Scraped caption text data
******

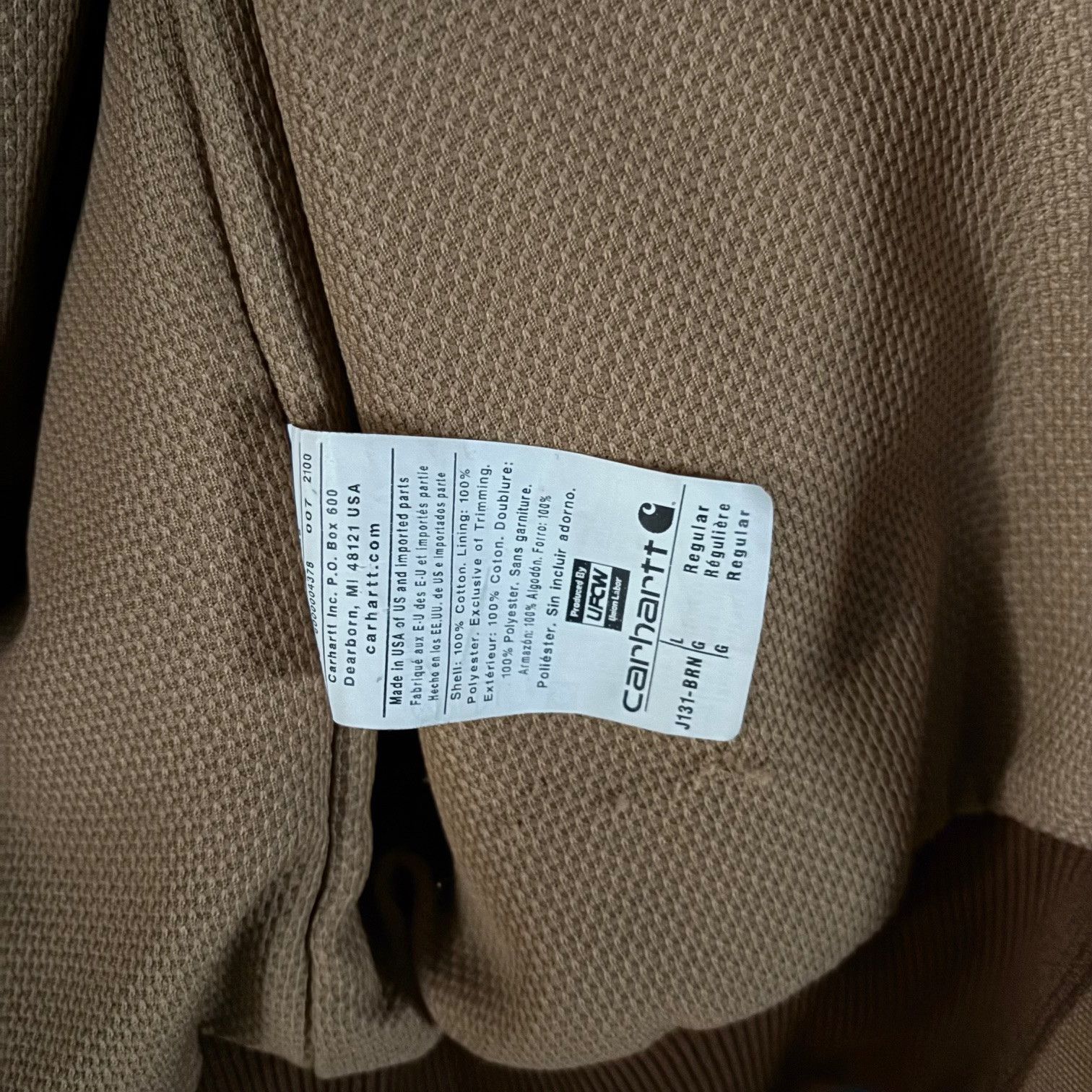 Carhartt CARHARTT - MADE IN USA - Duck Brown Active Jac - Size L Size US L / EU 52-54 / 3 - 7 Thumbnail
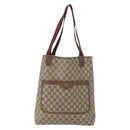 GUCCI GG Supreme Web Sherry Line Tote Bag PVC Beige Red 39 02 003 Auth 172201-13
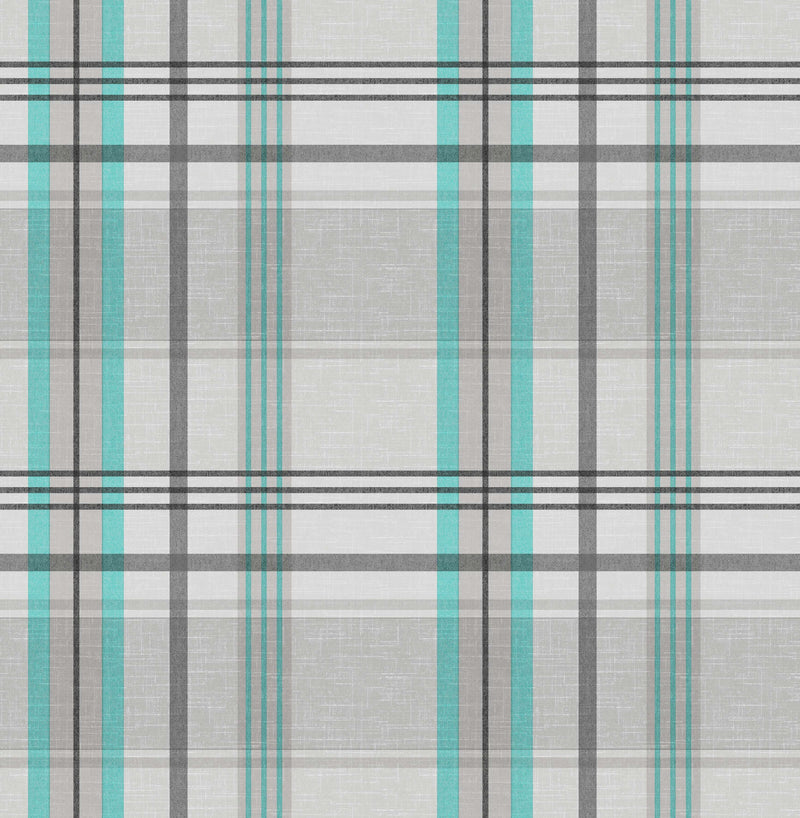 Grey Duck Egg Check Vinyl Oilcloth Tablecloth
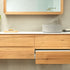 Wood bathroom vanity Surfcoast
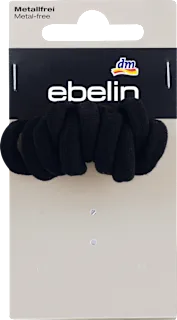 ebelin male gumice za kosu crne 12 komada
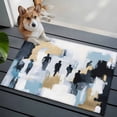 thumbnail image 3 of 2x3 Ft Entryway Area Rug, Modern Canvas Kitchen Rug Runner Washable Floor Mat, Abstract Oil Painting Art Non Slip Indoor Door Mat Throw Carpet for Bathroom Living Room Bedroom, 3 of 8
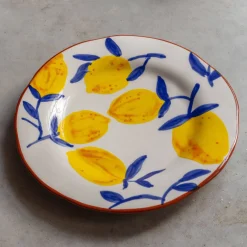 Graham & Green Outdoor Dining|Tableware<Set of Four Multi Lemons Plates
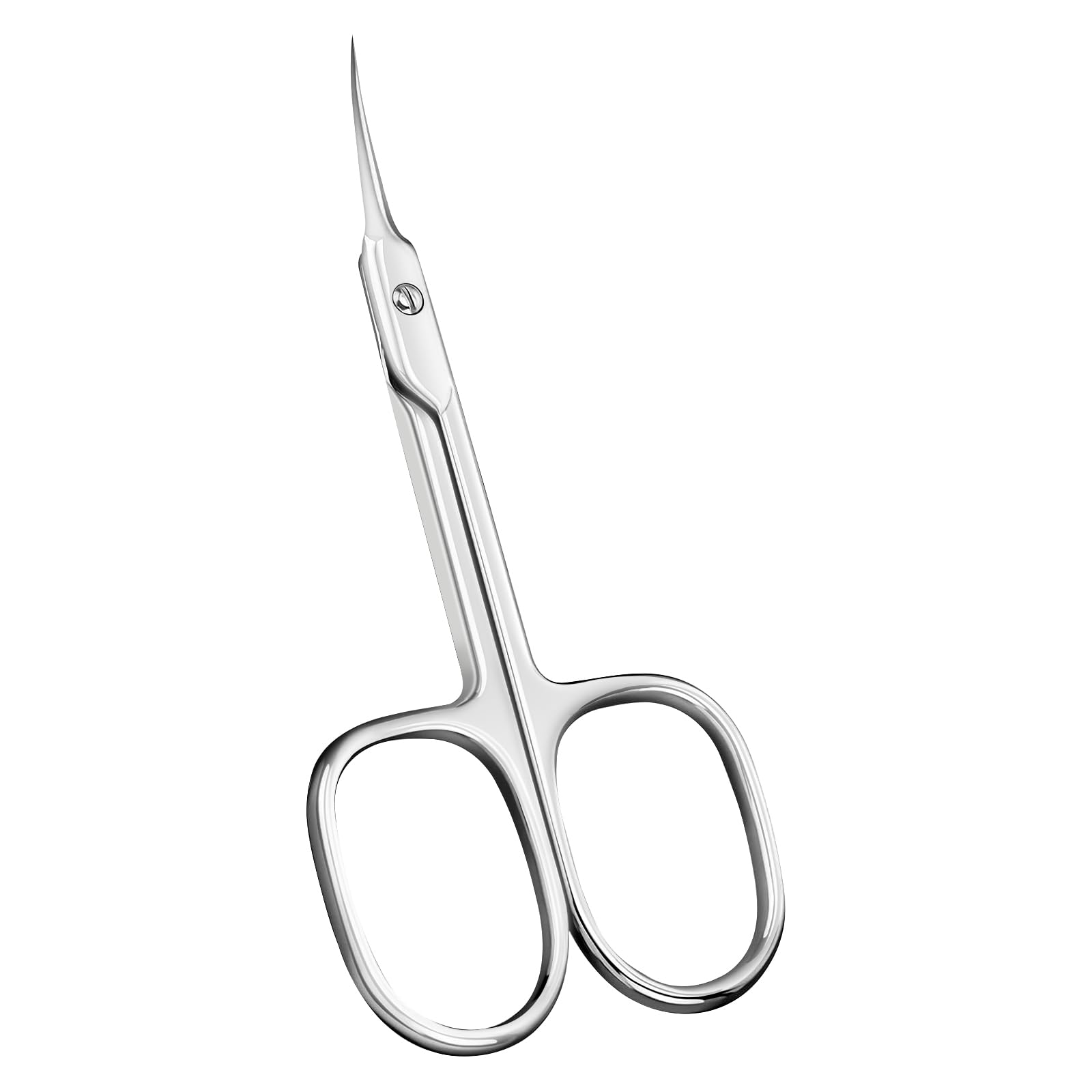 ANRUI Tijeras Cuticulas Profesional Acero Inoxidable, Tijeras de Belleza Curva Extra Afiladas, Tijeras Pequeñas para Cortar Cuticulas, Piel Muerta, Cejas, Pestaña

******

Prompt:
Please give back the data above word for word, with no pictures included.

Your solution:
 Carhartt CARHARTT - MADE IN USA - Duck Brown Active Jac - Size L Size US L / EU 52-54 / 3 - 7 Thumbnail
 GUCCI GG Supreme Web Sherry Line Tote Bag PVC Beige Red 39 02 003 Auth 172201-13
 Grey Duck Egg Check Vinyl Oilcloth Tablecloth
 Wood bathroom vanity Surfcoast
 ebelin male gumice za kosu crne 12 komada
 thumbnail image 3 of 2x3 Ft Entryway Area Rug, Modern Canvas Kitchen Rug Runner Washable Floor Mat, Abstract Oil Painting Art Non Slip Indoor Door Mat Throw Carpet for Bathroom Living Room Bedroom, 3 of 8
 Graham & Green Outdoor Dining|Tableware<Set of Four Multi Lemons Plates
 ANRUI Tijeras Cuticulas Profesional Acero Inoxidable, Tijeras de Belleza Curva Extra Afiladas, Tijeras Pequeñas para Cortar Cuticulas, Piel Muerta, Cejas, Pestaña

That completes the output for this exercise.